Class KeyDrivenDataDistribution


  • public final class KeyDrivenDataDistribution
    extends PartialStaticDataDistribution
    DataDistribution based on a set of keys from the input data. A KeyDrivenDataDistribution selects a set of keys, applying the specified base partitioning function to that set of keys. The function must be a function of input. This guarantees that data with rows with equivalent keys are located in the same partition.
    • Method Detail

      • hashed

        public static KeyDrivenDataDistribution hashed​(String... keys)
        Returns a distribution that distributes based on a hashcode of the named key fields.
        Parameters:
        keys - the names of the key fields
        Returns:
        a hash distribution
      • hashed

        public static KeyDrivenDataDistribution hashed​(List<String> keys)
        Returns a distribution that distributes based on a hashcode of the named key fields.
        Parameters:
        keys - the names of the key fields
        Returns:
        a hash distribution
      • ranges

        public static KeyDrivenDataDistribution ranges​(List<RecordToken> boundaries)
        Returns a distribution that distributes based on specified range boundaries
        Parameters:
        boundaries - the range boundaries
        Returns:
        a range distribution
      • localKeyed

        public static KeyDrivenDataDistribution localKeyed​(PartitioningFunction basePartitionFunction,
                                                           List<String> keys)
                                                    throws IllegalArgumentException
        For advanced use only; this redistributes per-JVM but not across the cluster. This is not a general-purpose partitioning strategy but can be used in certain cases where there is a performance benefit to locally repartitioning data.
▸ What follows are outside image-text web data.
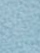 (Blue)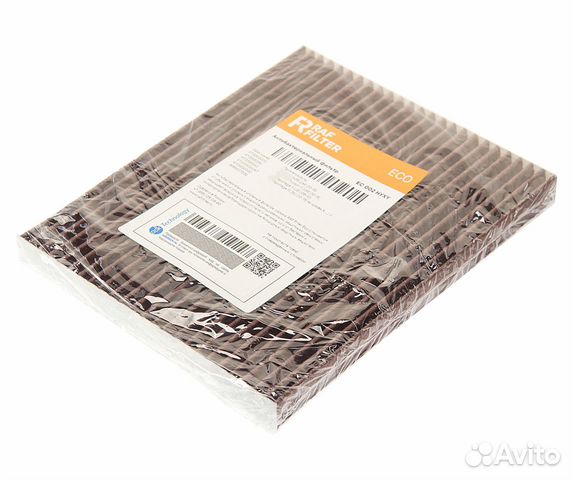 Фильтр воздушный салона hyundai Tucson (04),ix35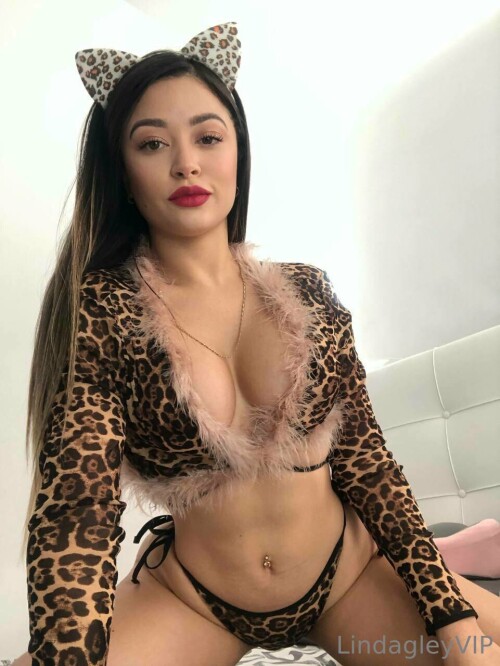 Linda Gley - @lindagleyvip Nude Leaked Onlyfans Photo Linda Gley - @lindagleyvip Nude Leaked Onlyfans Photo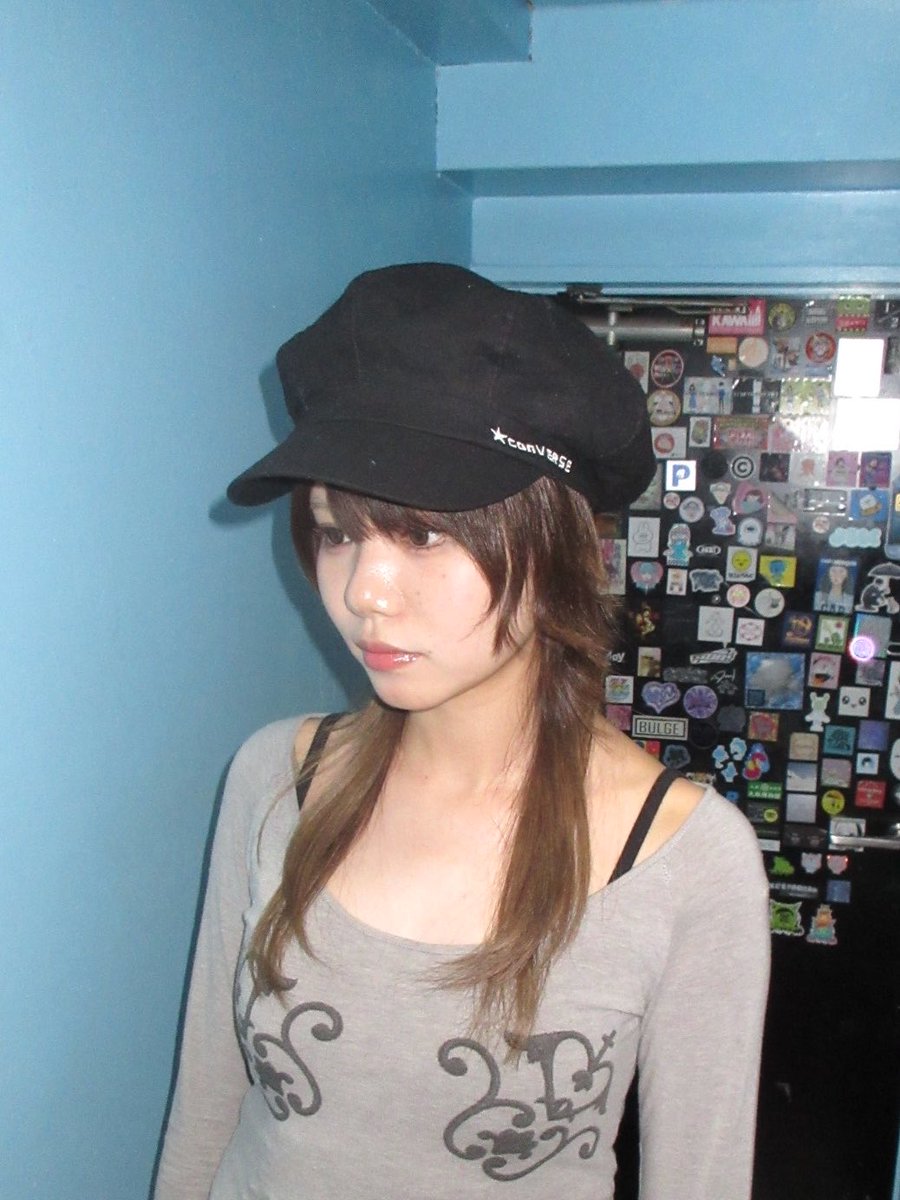 USED&SELECTほんわか (@honwaka61) / Posts / X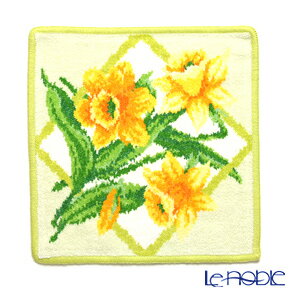 ե顼 ϥɥ ե ץ󥰡ڳڥ_ۡڳڥ_Τ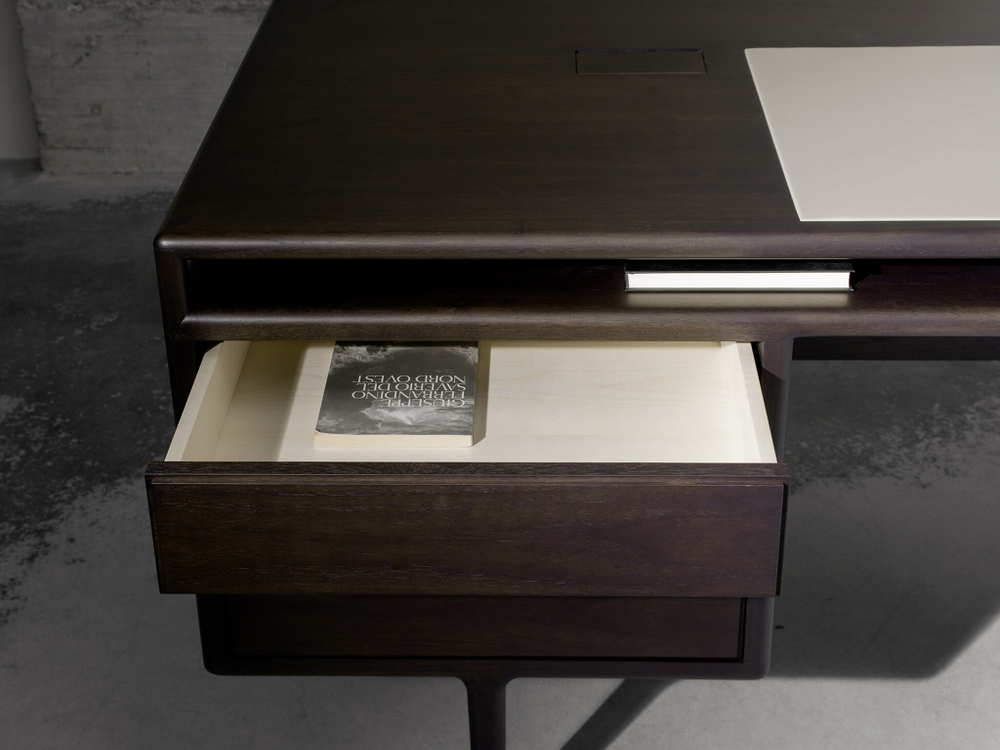 Письменный стол Ceccotti Collezioni Rive Droite Desk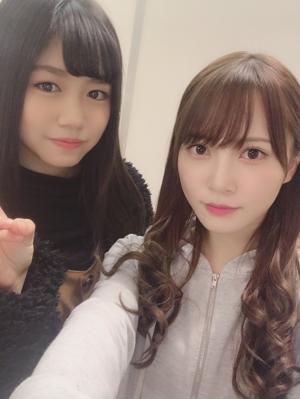 そりで遊びたいな〜(・ω・) - 画像3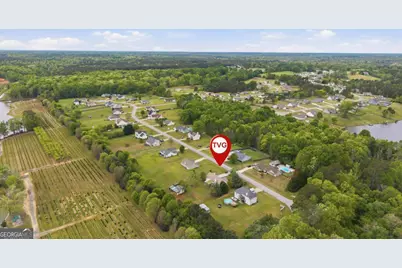 105 Oconee Meadows Lane, Eatonton, GA 31024 - Photo 45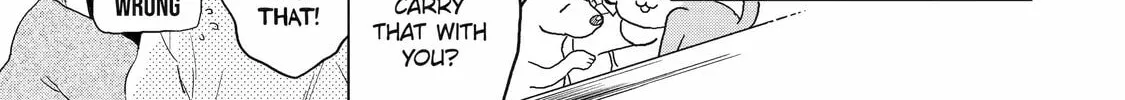 Love in the Palm of His Hand Chapter 1 page 56 - 
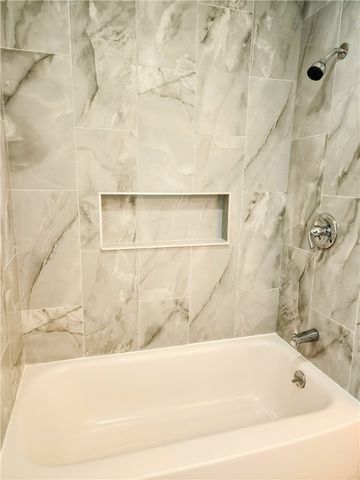 2525 Lyell Road, Gates, NY 14606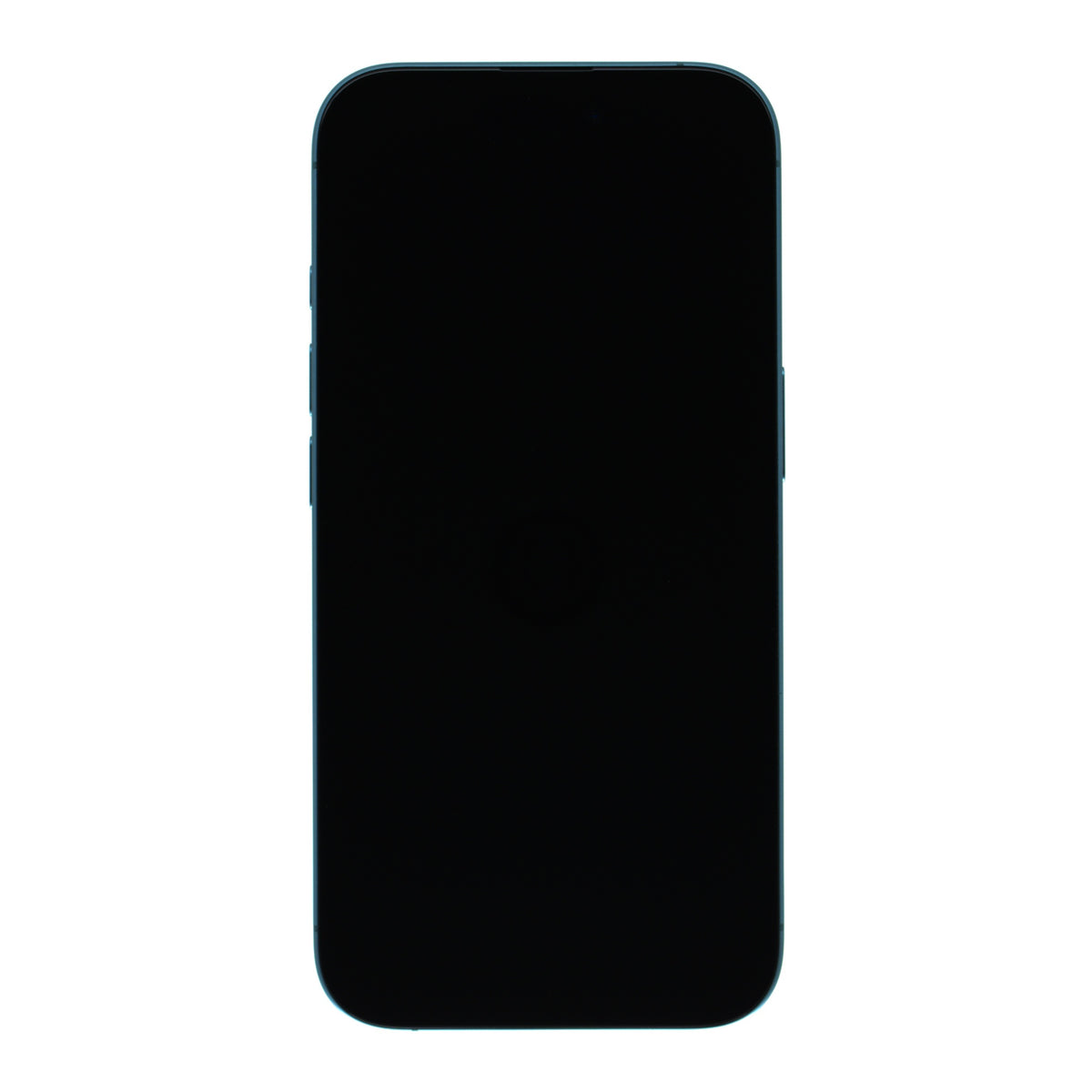 95新 Apple iPhone 16 256G 深青色 中國大陸版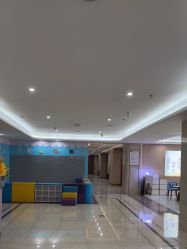 -厦门美莱整形美容医院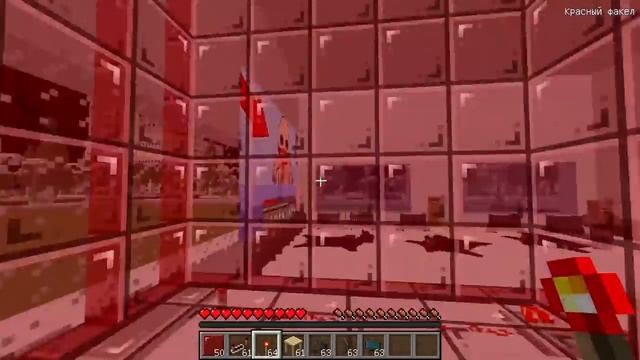 Я ПОМЕНЯЛСЯ МОЗГАМИ С SCP МАНЕКЕН В МАЙНКРАФТ ЭКСПЕРИМЕНТ DUMMY EXE MINECRAFT смотреть онлайн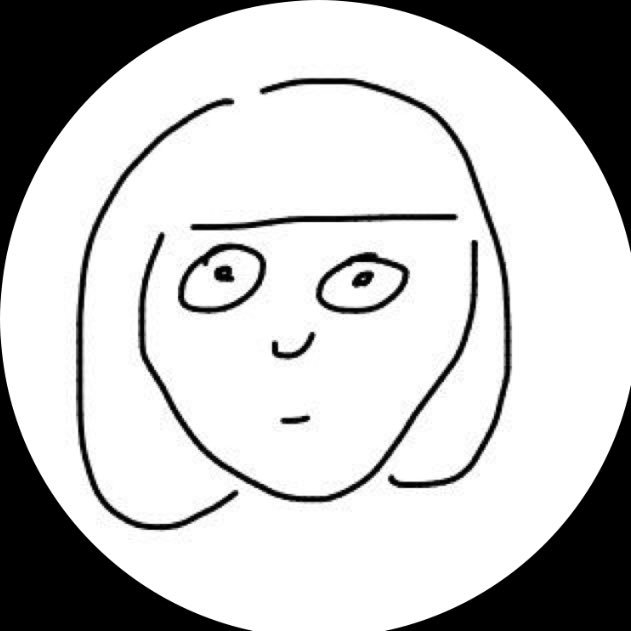 a78273463's profile picture. ほぼ卒業👵 雑食 20↑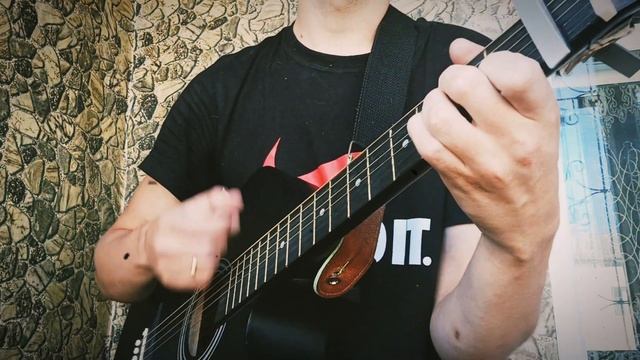 Букет из белых роз - Виктор Королев Ирина Круг. Кавер н?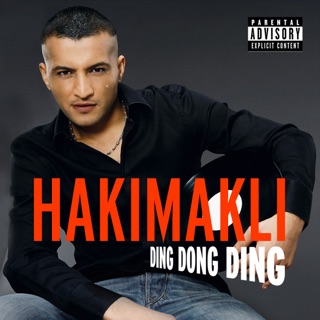 hakimakli imagine hakimakli imagine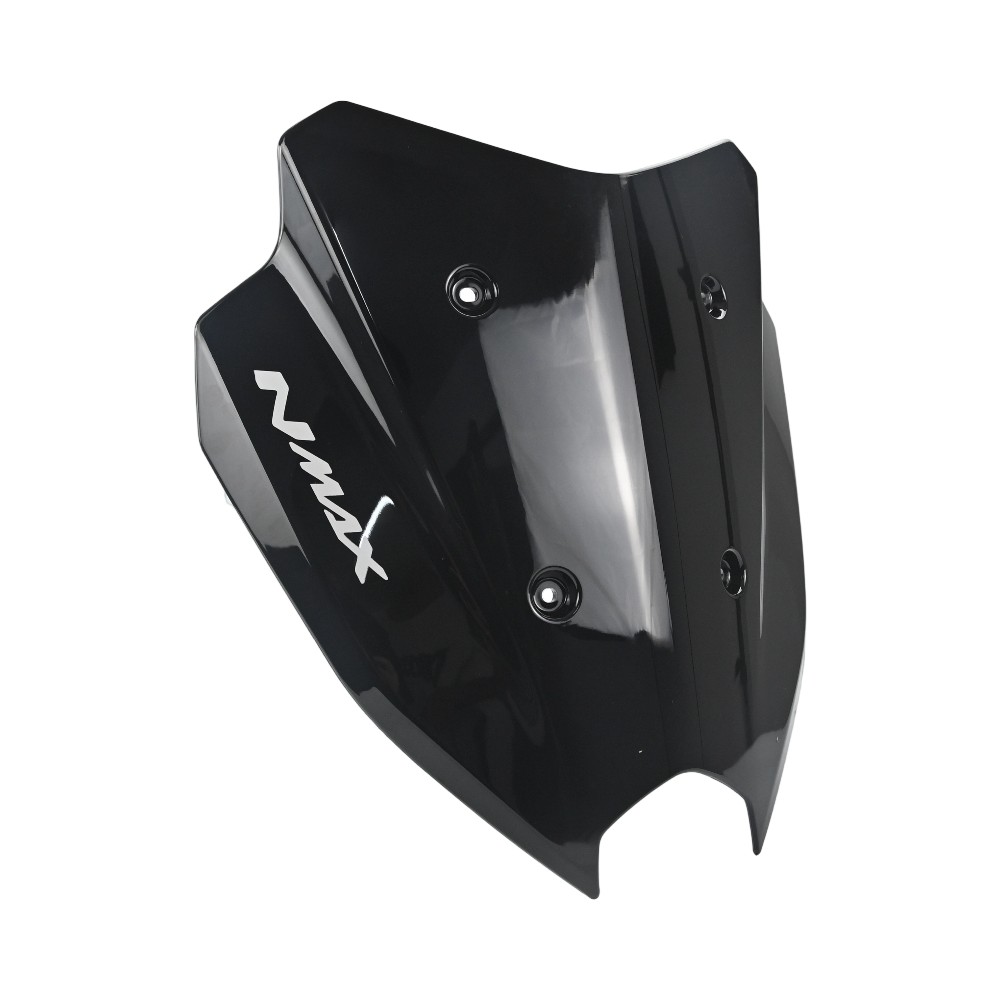 MTKRACING NMAX 125 NMAX155 TEC - Nmax Tech Max Accessories 리뷰 및 가격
        Returns a distribution that locally distributes based on the given function of the named key fields.

        Parameters:
        basePartitionFunction - the partition function
        keys - the names of the key fields
        Returns:
        a key driven distribution
        Throws:
        IllegalArgumentException - if the provided function is not a function of input
      • getBasePartitionFunction

        public PartitioningFunction getBasePartitionFunction()
        Returns the base partitioning function. This function is applied to a record consisting of the selected key fields.
        Returns:
        the base partitioning function
      • isLocal

        public boolean isLocal()
      • isGroupedBy

        public boolean isGroupedBy​(String[] keys)
        Returns true if this distribution guarantees groupings on the specified list of keys will not be split across partitions.
        Parameters:
        keys - the group keys
        Returns:
        whether this distribution preserves groupings across partitions
      • isGroupingCompatible

        public boolean isGroupingCompatible​(String[] keys)
        Returns true if this distribution guarantees groupings on the specified list of keys will not be split across partitions.
        Parameters:
        keys - the group keys
        Returns:
        whether this distribution preserves groupings across partitions
      • requiresRepartitionFrom

        protected boolean requiresRepartitionFrom​(PartialDataDistribution source)
        Description copied from class: PartialStaticDataDistribution
        Subclasses must override this method to declare whether a repartition is required given the source distribution. Implementations may err on the side of caution by always returning true but this may have an impact on performance.
        Specified by:
        requiresRepartitionFrom in class PartialStaticDataDistribution
        Parameters:
        source - the source distribution
        Returns:
        true if a repartition is required, false if this data distribution matches what was specified.
      • getKeys

        public String[] getKeys()
        Returns the keys by which we are partitioned.
        Returns:
        the keys by which we are partitioned.
      • getAliases

        public AliasSet[] getAliases()
        Description copied from class: DataDistribution
        Returns the fields that are referenced by this distribution. Note that it is valid for a distribution to reference no fields, in which case it should return an empty array. This method is used by the framework to validate the distribution is consistent with the type of the record.
        Specified by:
        getAliases in class DataDistribution
        Returns:
        the fields that are referenced by this distribution